#### [Excerpted data]
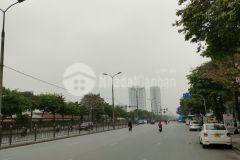 Chính chủ bán siêu phẩm mặt đường giải phóng. liên hệ thắng 0903458382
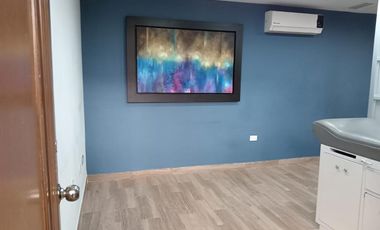 CONSULTORIO EN VENTA EN EL CENTRO DE TORREÓN, COAHUILA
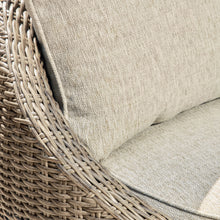 Load image into Gallery viewer, Danson - Swivel Lounge w/Cushion (Set of 2) - Beige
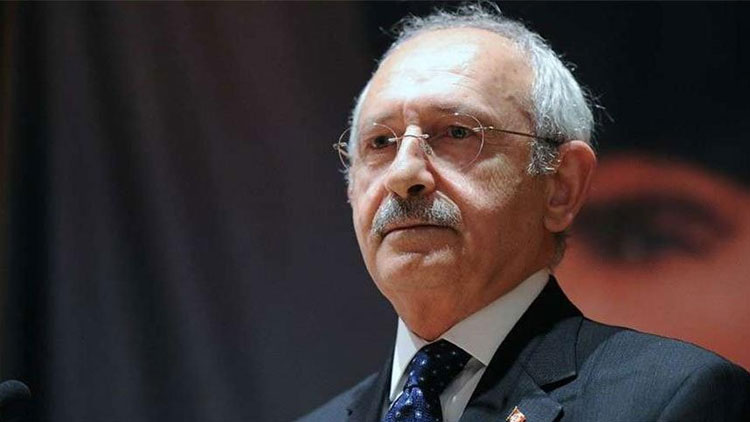 Kemal Kılıçdaroğlu: Sen nasıl bir Türkiye vaat ediyorsun çık anlat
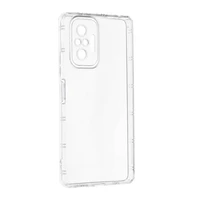 Armor Antishock maciņš Xiaomi Redmi Note 10 Pro/Note 10 Pro Max caurspīdīgs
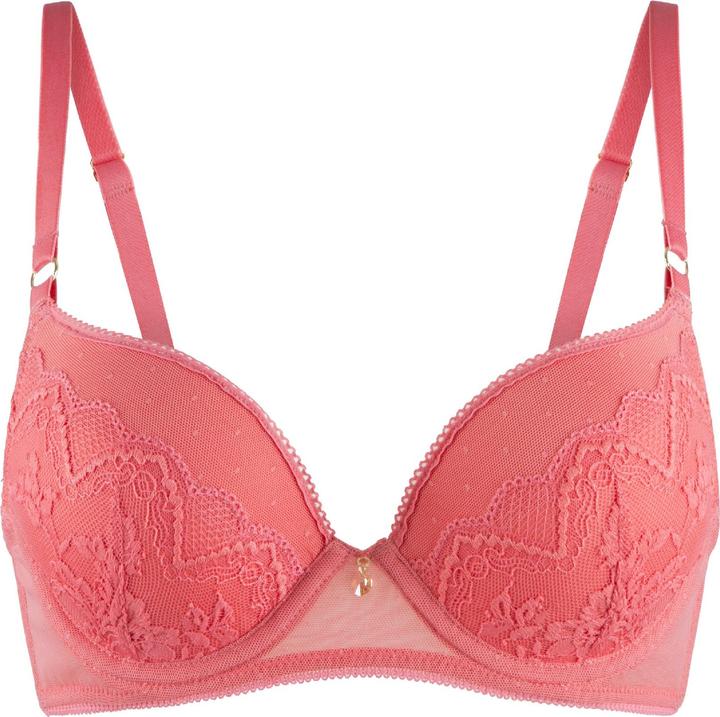 LingaDore Push up BH (Einzelpack)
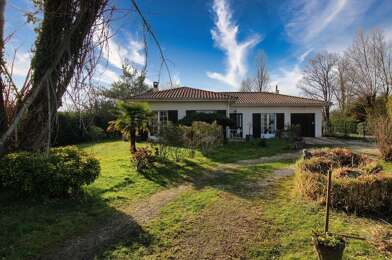 Maison 5 pièces 325000 €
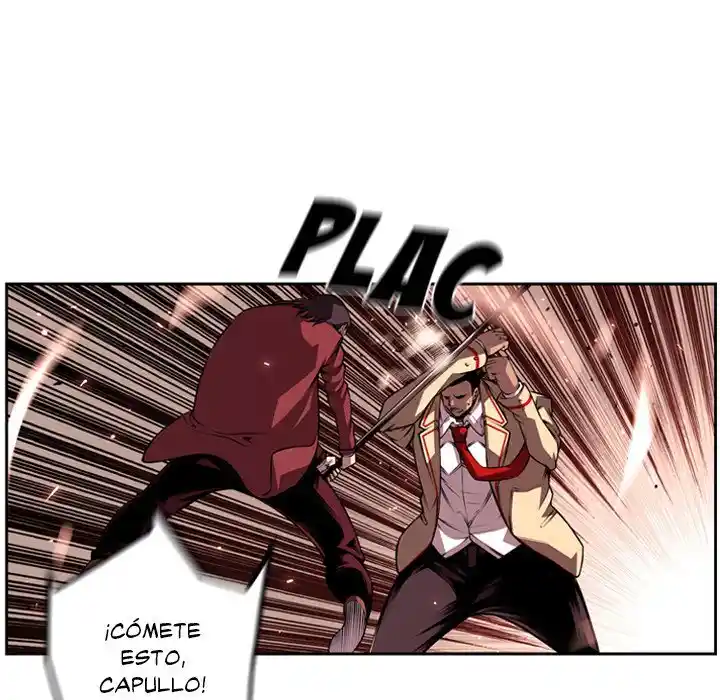 Supernova - Capítulo 110 - Página 41 - LectorTMOo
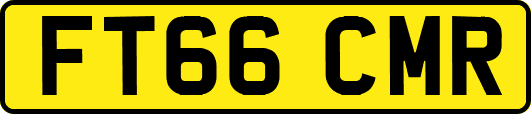 FT66CMR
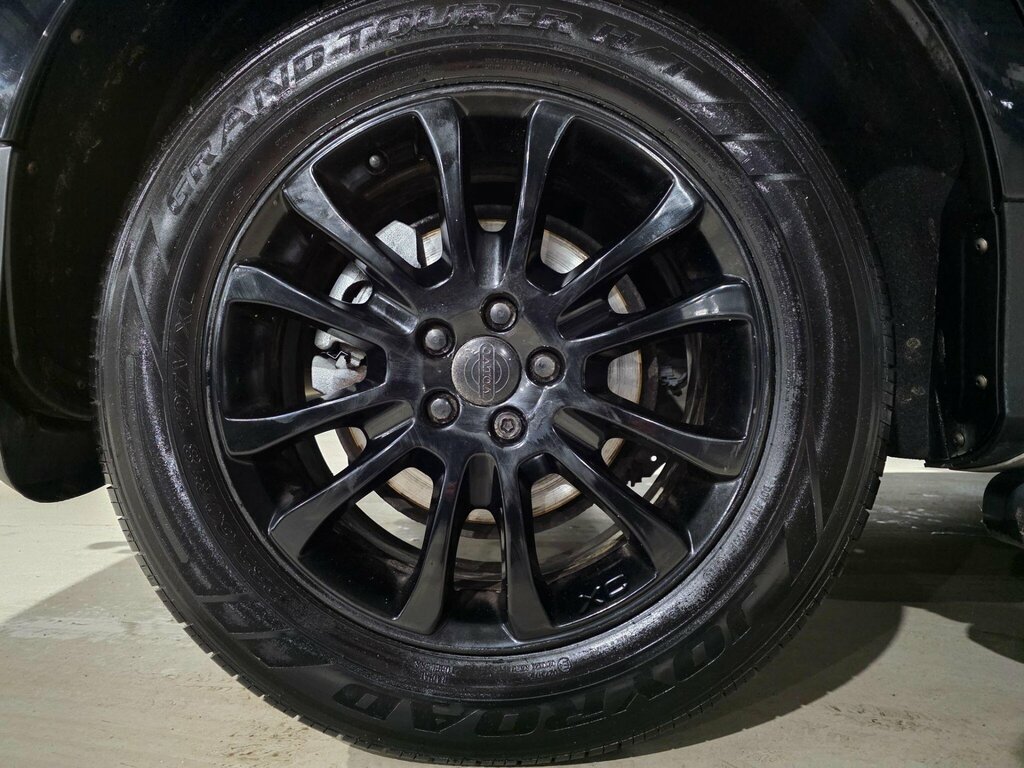 Volvo XC60 Suv 2.4 White #27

#### [Your task]
Any picture in the material is to be dropped; the rest is repeated exactly.

#### [Final answer]
 Chính chủ bán siêu phẩm mặt đường giải phóng. liên hệ thắng 0903458382
 CONSULTORIO EN VENTA EN EL CENTRO DE TORREÓN, COAHUILA
 Load image into Gallery viewer, Danson - Swivel Lounge w/Cushion (Set of 2) - Beige
 Kemal Kılıçdaroğlu: Sen nasıl bir Türkiye vaat ediyorsun çık anlat
 Armor Antishock maciņš Xiaomi Redmi Note 10 Pro/Note 10 Pro Max caurspīdīgs
 LingaDore Push up BH (Einzelpack)
 Maison 5 pièces 325000 €
 Supernova - Capítulo 110 - Página 41 - LectorTMOo
 FT66CMR
 Volvo XC60 Suv 2.4 White #27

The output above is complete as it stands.